As always, we'll check that we can generate a pertinent prefix. Here's what I ran:

run {
    init
    (some s: Server | startElection[s])
    next_state (some s1, s2: Server | makeVote[s1, s2])
    next_state next_state (some s1, s2: Server | makeVote[s1, s2])
    next_state next_state next_state (some s: Server | winElection[s])
} for exactly 3 Server, 10 Message

Unsatisfiable again! But this isn't unusual; often when we make a change there's some factor we forgot to account for. We'll follow the same recipe as before, removing constraints from the end of the prefix until we reach satisfiability. We don't have to do much, because only the last transition seems to cause a problem—unsurprising, since the conditions for winning are what we just changed.

The unsat core has only 3 formulas in it. Rather than just looking at code location, let's examine what the command-line output says. I'll add newlines to make it a bit more readable:

Unsat core available (3 formulas):
Core(part 1/3): [/Users/tbn/repos/cs1710/newbook/book/src/chapters/raft/messages.frg:32:4 (span 40)] 
(Network.messages' = Network.messages - {m : Network.messages & RequestVoteReply | m.to = s})
Core(part 2/3): [/Users/tbn/repos/cs1710/newbook/book/src/chapters/raft/raft_2.frg:124:8 (span 59)] 
(#{m : {m : Network.messages & RequestVoteReply | m.to = s} | some m.voteGranted} > divide[#Server, 2])
Core(part 3/3): [/Users/tbn/repos/cs1710/newbook/book/src/chapters/raft/messages.frg:47:4 (span 61)] 
(Network.messages' = Network.messages - none  & Message + none  & Message)

The command-line core output prints core formulas after substitution. So, for example, (Network.messages' = Network.messages - none & Message + none & Message) is the result of applying sendAndReceive (defined in messages.frg) to the arguments none & Message and none & Message. But that's not surprising: the winElection predicate actually contains the frame condition sendAndReceive[none & Message, none & Message].
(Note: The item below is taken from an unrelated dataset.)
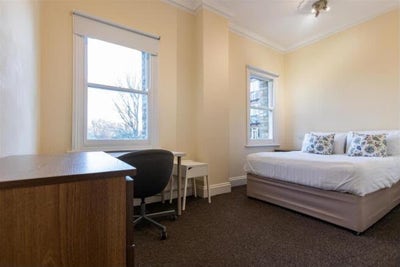 Room in 3 bed Maida Vale flat Main Photo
No, what's far more suspicious is the apparent tangle between the frame condition and the first formula, which calls receive. This is how we've currently defined receive:

pred receive[m: Message] {
    m in Network.messages
    Network.messages' = Network.messages - m
}

And there's the problem: that pesky =. If we call receive and sendAndReceive in the same transition, they will conflict with each other! So we need to be a bit more clever in how we write winElection. But it's annoying, because the call to receive is inside a helper predicate: receiveMajorityVotes. I don't want to inline the helper-predicate body, because that would clutter the transition predicate.

But, wait. Do we really need to re-frame the network state in this predicate? Probably not, since the only modification comes from receiveMajorityVotes. And that already frames the state of the network. So we'll remove this line entirely:

sendAndReceive[none & Message, none & Message]
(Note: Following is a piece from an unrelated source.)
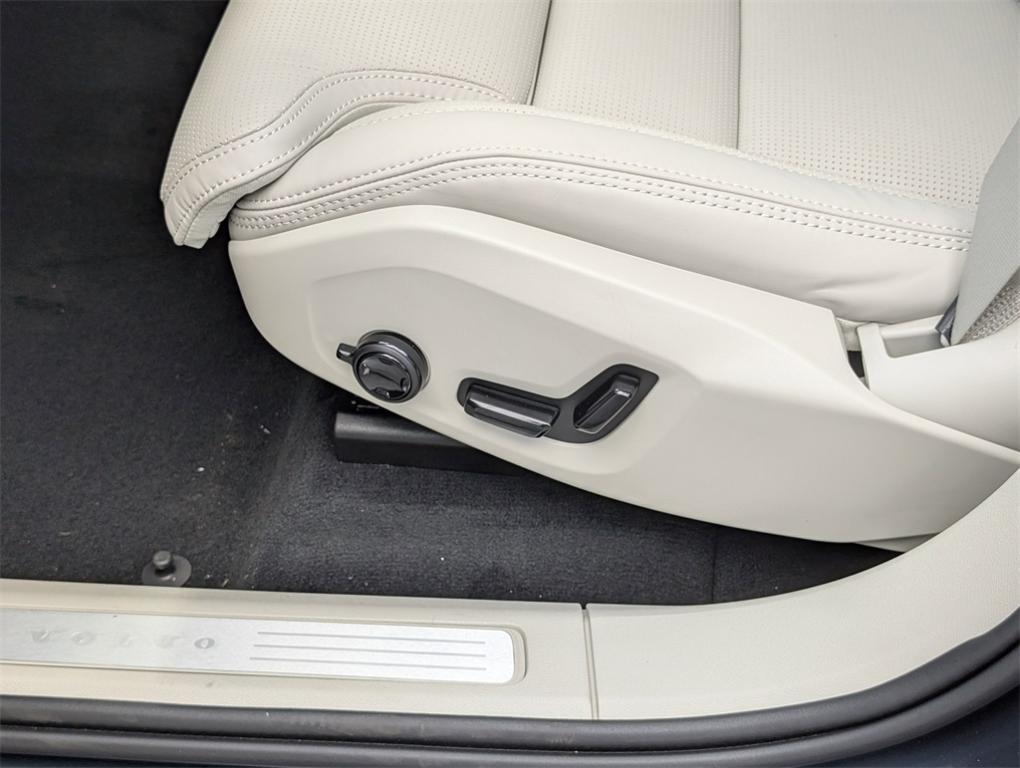 new 2026 Volvo XC60 car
We don't need it at all! And now we're back to satisfiable, and we can view a run of the protocol. And most of our validation suite passes too, which is comforting. There's just one thing that fails:

It should be possible for two different servers to win elections in the same trace.
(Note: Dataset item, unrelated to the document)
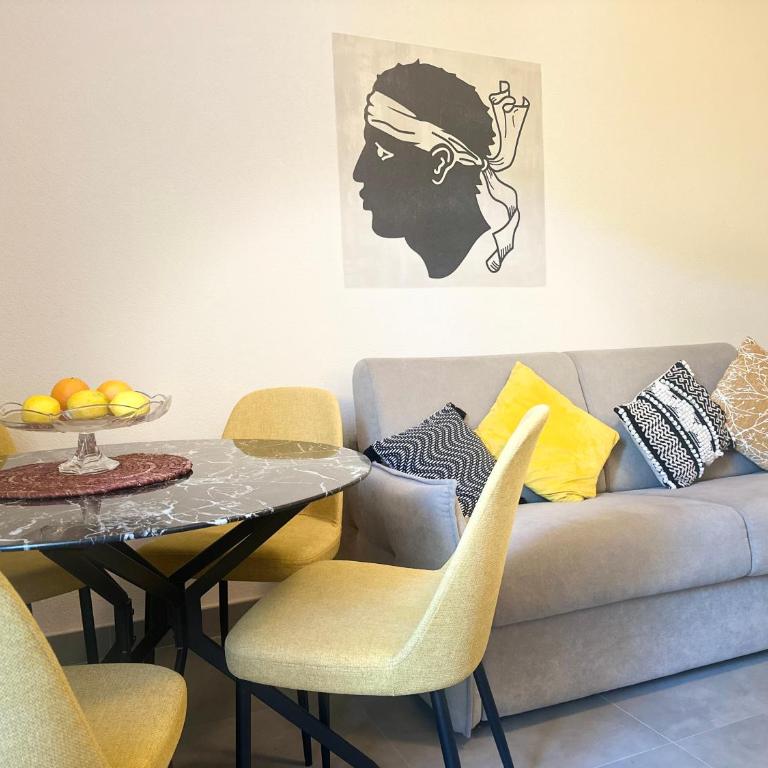 Apartment Dora 3,beach apartment - One-Bedroom Apartment - 5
My first thought is that maybe we haven't given Forge enough states to witness this. But then I remembered that we were just making winning possible again. Is it ever possible for a leader to stop being a leader in our current model? We have a passing test that looks for such a pattern, or so I thought. Here it is as a predicate:

pred two_elections_in_a_row {
  electionSystemTrace
  eventually {
    some s: Server | startElection[s] 
    next_state eventually (some s2: Server | startElection[s2])
  }
}

But this doesn't mean what it says. It's not two different elections. It's two startElection actions. This could be satisfied by two candidates running for leader in the same election cycle. So let's write a better test. As an experiment, let's write it in terms of server roles rather than transitions:

pred two_elections_in_a_row {
  electionSystemTrace
  eventually {
    -- At time t, someone is a candidate
    some s: Server | s.role = Candidate
    eventually {
      -- At time t2, nobody is a candidate
      no s: Server | s.role = Candidate
      eventually {
        -- At time t3, someone (same or different) is a candidate again
        some s: Server | s.role = Candidate
      }
    }
  }
}

Let's try something simpler. Can a leader ever stop being a leader?

leader_stops_leading: {
    electionSystemTrace 
    eventually {
      some s: Server | s.role = Leader 
      eventually { 
        no s: Server | s.role = Leader
      }
    }
  } is sat

Unsatisfiable. No. Wait—we know our stepDown transition can be satisfied, but maybe it's buggy. This generates a trace:

(some s: Server | startElection[s])
next_state (some s1, s2: Server | makeVote[s1, s2])
next_state next_state (some s: Server | winElection[s])
next_state next_state next_state (some s: Server | startElection[s])
next_state next_state next_state next_state (some s: Server | stepDown[s])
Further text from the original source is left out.